[Supplied material Boundary: Start]

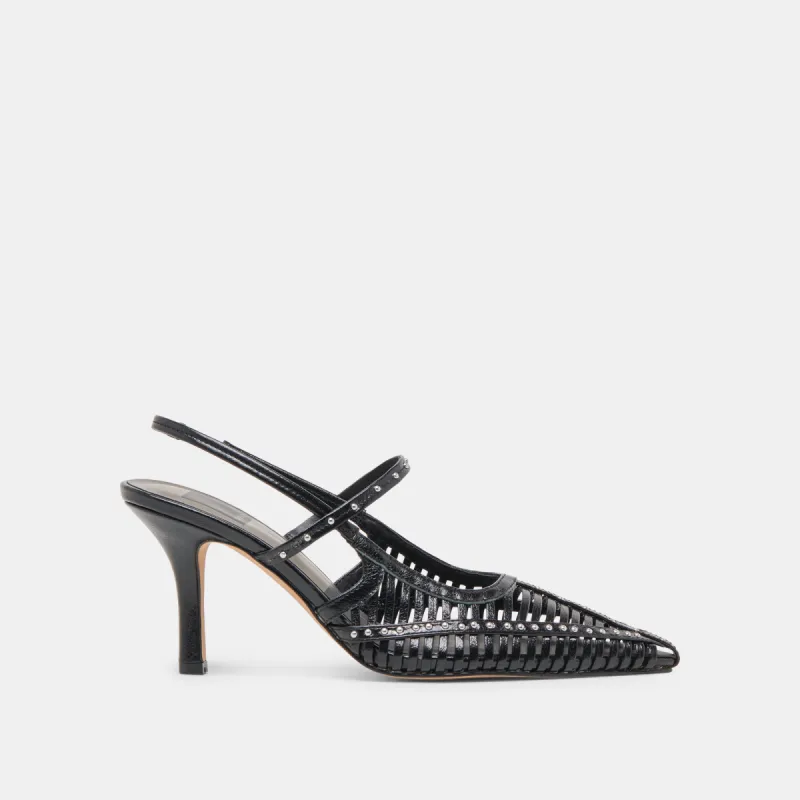 HENSAL HEELS MIDNIGHT CRINKLE PATENT sold by Dolce Vita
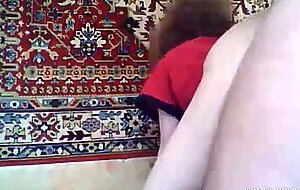 Beautiful Russian girl fuck on the background of the carpet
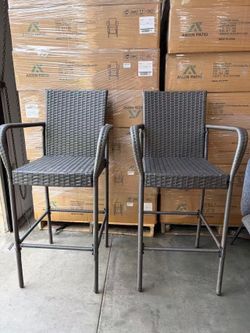 Outdoor Bar Stools Set of 2, Patio Bar Chairs with Armrests and Backrest Wicker Rattan (Dark Gray)
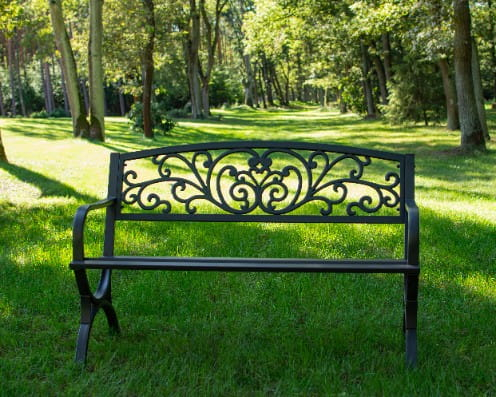 Banca, scaun pentru gradina, din otel, Jumi, 127cm, stil floral, Negru [6]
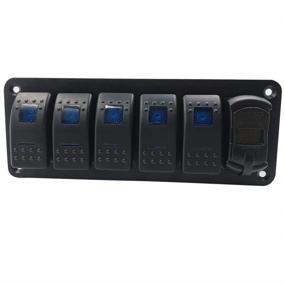 img 1 attached to 🚤 Switchtec Aluminum Panel Rocker Switch with Dual USB Charger, Voltmeter, and Blue Backlit LED - Ideal for Marine, Boat, Car, Truck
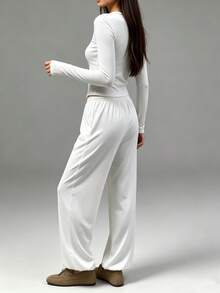 Cévolie Women's Solid Color Long Sleeve Top And Pants Casual Daily 2 Pieces Set - White - View 2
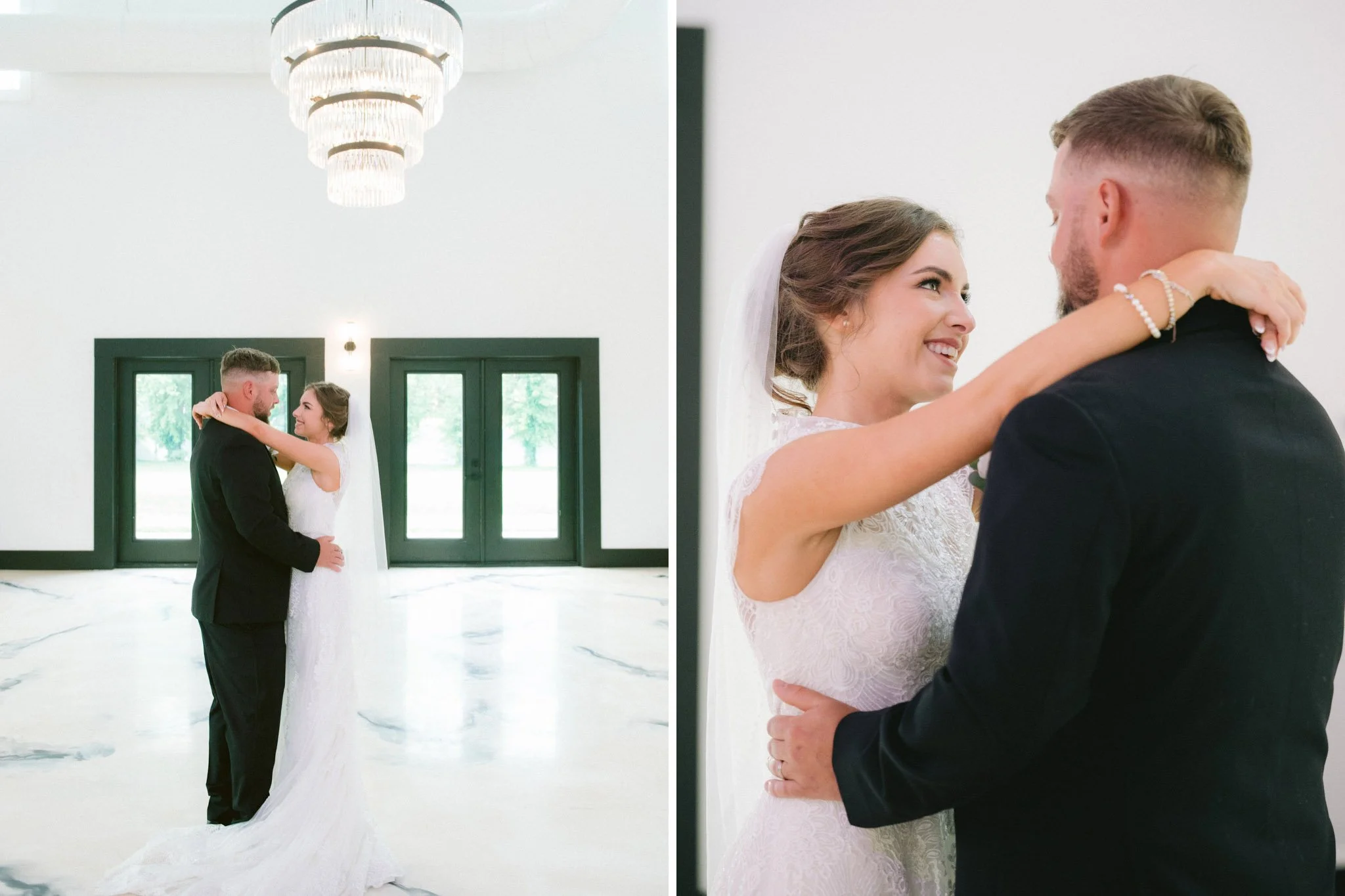 black and white wedding venue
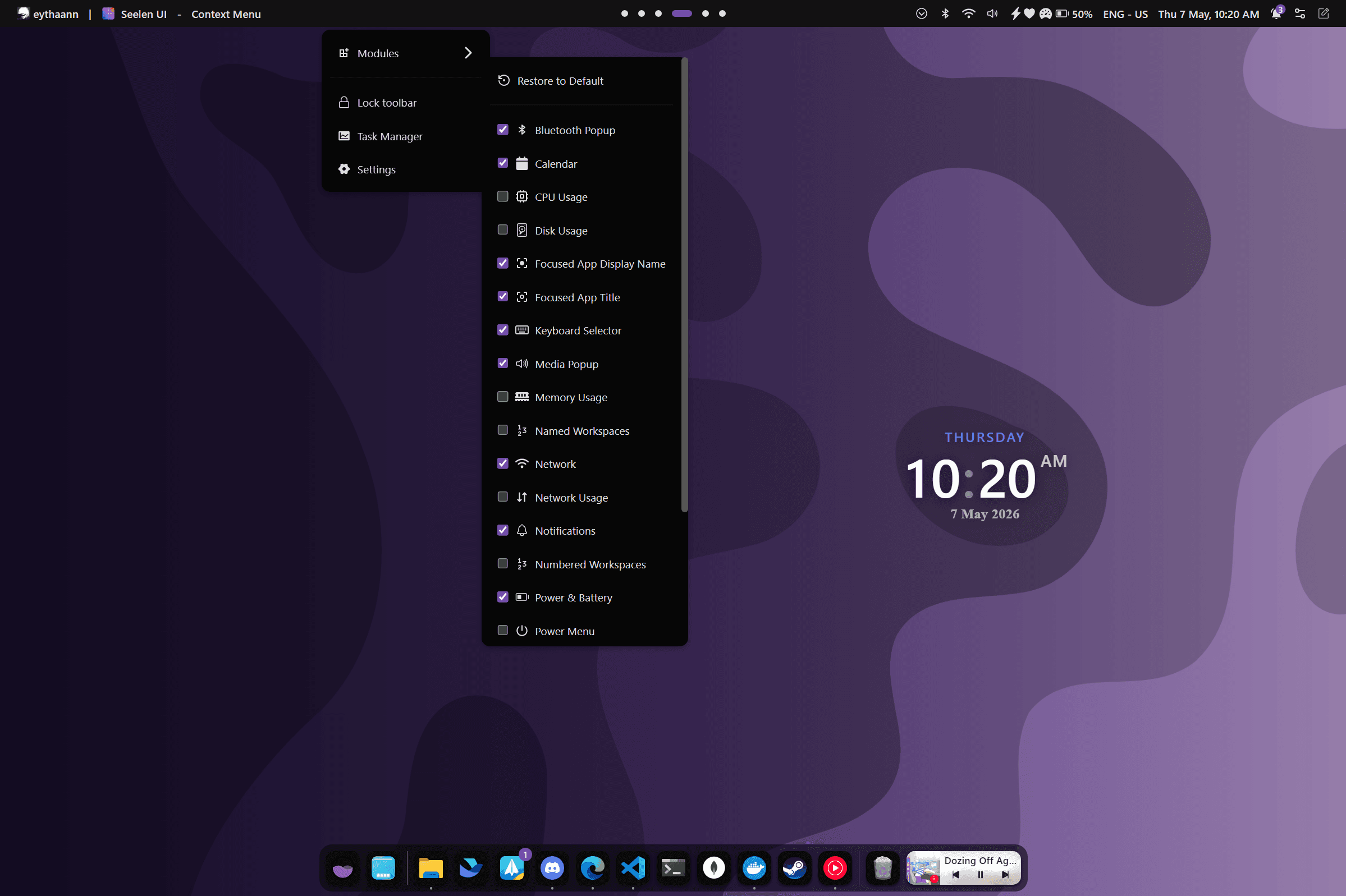 Fancy Toolbar showing CPU, RAM, network and battery stats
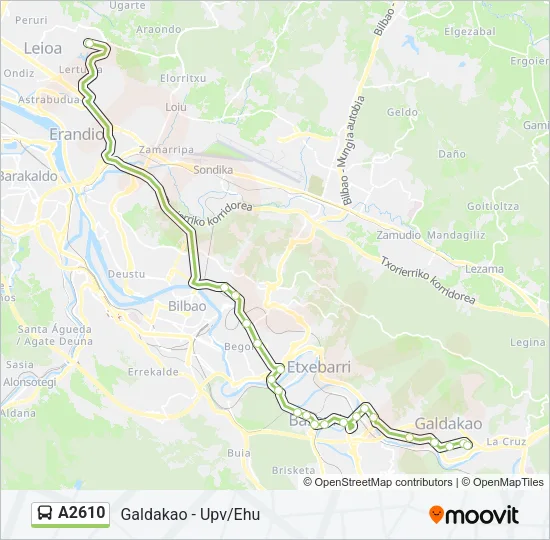 A2610 Bus Line Map
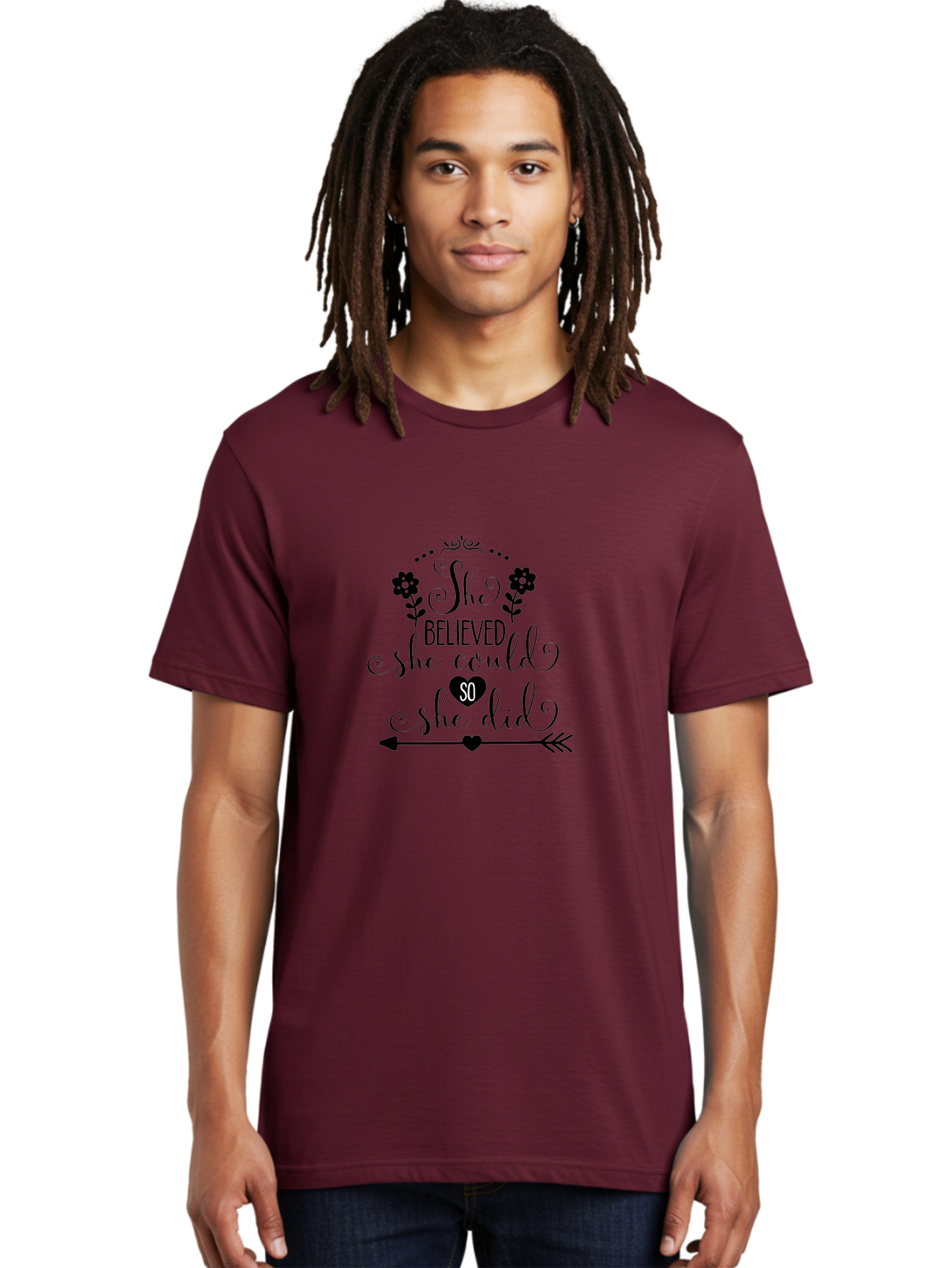 She-Believed-She-Could-So-She-Did Men'S Graphic Tee, 100% Cotton, Comfortable Casual Summer Wear, Machine Washable, Inspirational Quote, Motivational Phrase, Empowerment Message, Positive Affirmation, Female Empowerment, Believe In Yourself, Aad153 10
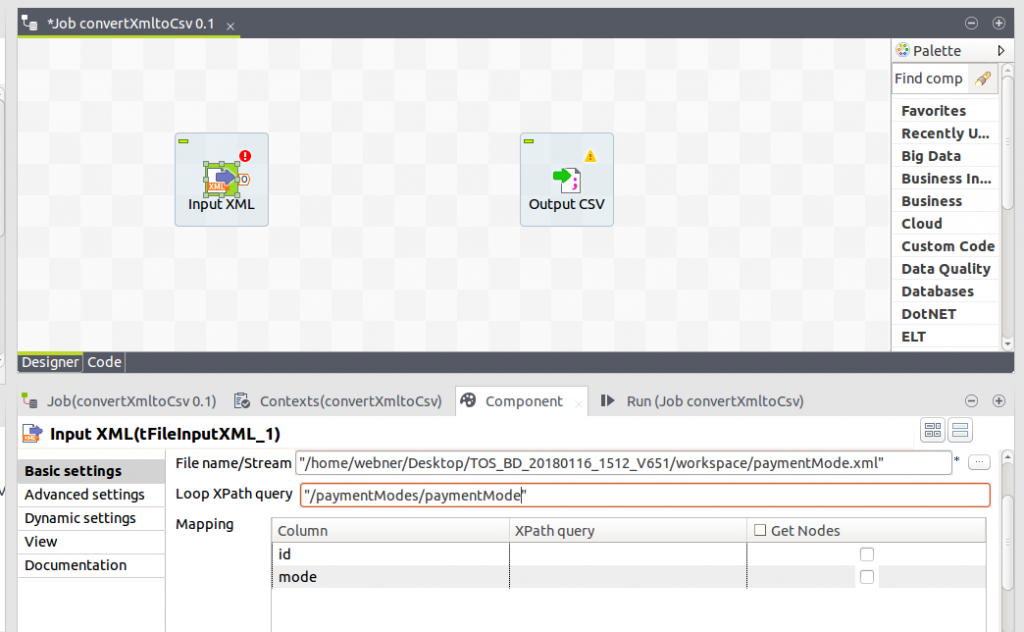 Converting XML file to CSV in Talend Open Studio Webner Blogs ...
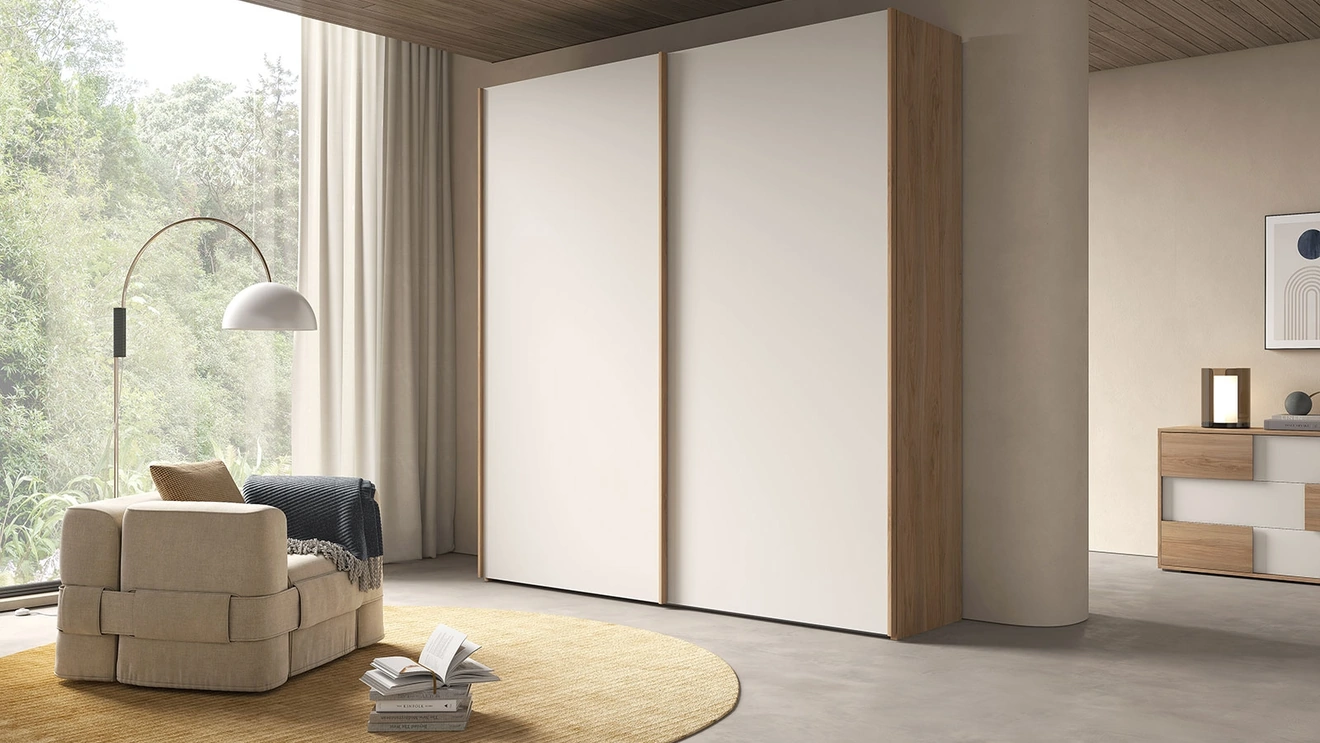 Armadio con ante scorrevoli 09 finitura Canapa e Noce di Felver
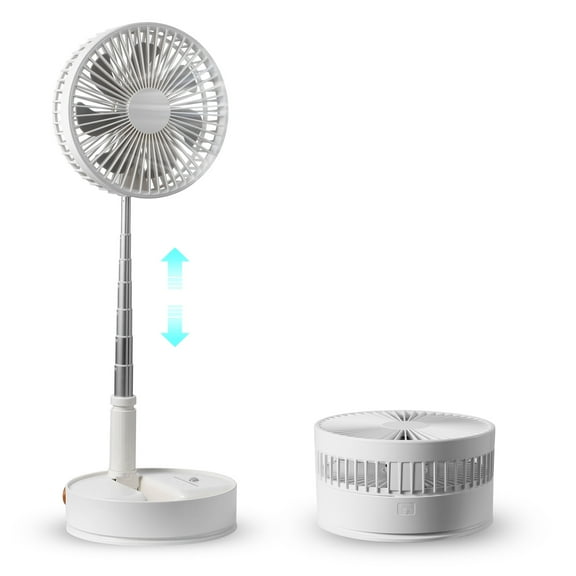 VEVOR 8 Inch Foldable Oscillating Standing Fan with Remote Control, 4 Speed Adjustable Portable Desk Quiet Fan, 7200mah Rechargeable USB Small Fan, Folded Rotating Floor Fan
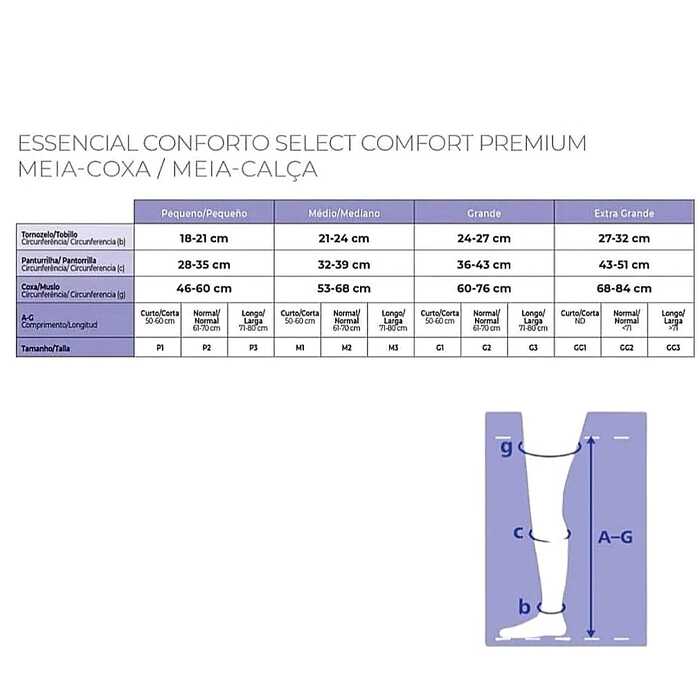 Meia Calça De Compressão  - Sigvaris 20-30 mmHg (Média Compressão) Select Comfort Premium Ponteira Aberta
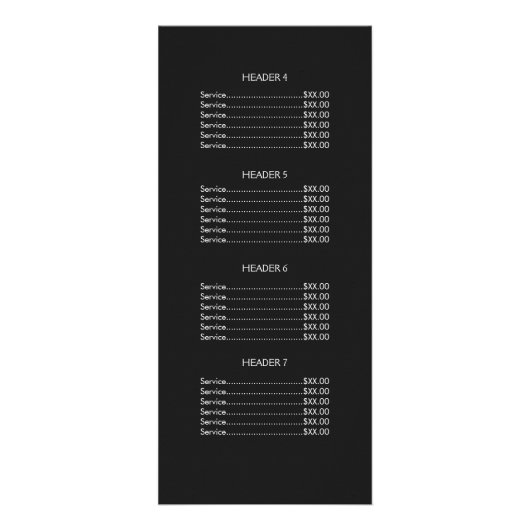 Menu Moderne, zilveren striped zwarte lijst met pr (Achterkant)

[Supplied material Boundary: End]

> [Your objective]
Every record above should be written out again exactly; the pictures stay out of the copy.

> [Response]
 HENSAL HEELS MIDNIGHT CRINKLE PATENT sold by Dolce Vita
 Beautiful Russian girl fuck on the background of the carpet
 Outdoor Bar Stools Set of 2, Patio Bar Chairs with Armrests and Backrest Wicker Rattan (Dark Gray)
 Banca, scaun pentru gradina, din otel, Jumi, 127cm, stil floral, Negru [6]
 img 1 attached to 🚤 Switchtec Aluminum Panel Rocker Switch with Dual USB Charger, Voltmeter, and Blue Backlit LED - Ideal for Marine, Boat, Car, Truck
 Cévolie Women's Solid Color Long Sleeve Top And Pants Casual Daily 2 Pieces Set - White - View 2
 black and white wedding venue
 Fancy Toolbar showing CPU, RAM, network and battery stats
 A2610 Bus Line Map
 She-Believed-She-Could-So-She-Did Men'S Graphic Tee, 100% Cotton, Comfortable Casual Summer Wear, Machine Washable, Inspirational Quote, Motivational Phrase, Empowerment Message, Positive Affirmation, Female Empowerment, Believe In Yourself, Aad153 10
 Converting XML file to CSV in Talend Open Studio Webner Blogs ...
 Armadio con ante scorrevoli 09 finitura Canapa e Noce di Felver
 VEVOR 8 Inch Foldable Oscillating Standing Fan with Remote Control, 4 Speed Adjustable Portable Desk Quiet Fan, 7200mah Rechargeable USB Small Fan, Folded Rotating Floor Fan
 Meia Calça De Compressão  - Sigvaris 20-30 mmHg (Média Compressão) Select Comfort Premium Ponteira Aberta
 Menu Moderne, zilveren striped zwarte lijst met pr (Achterkant)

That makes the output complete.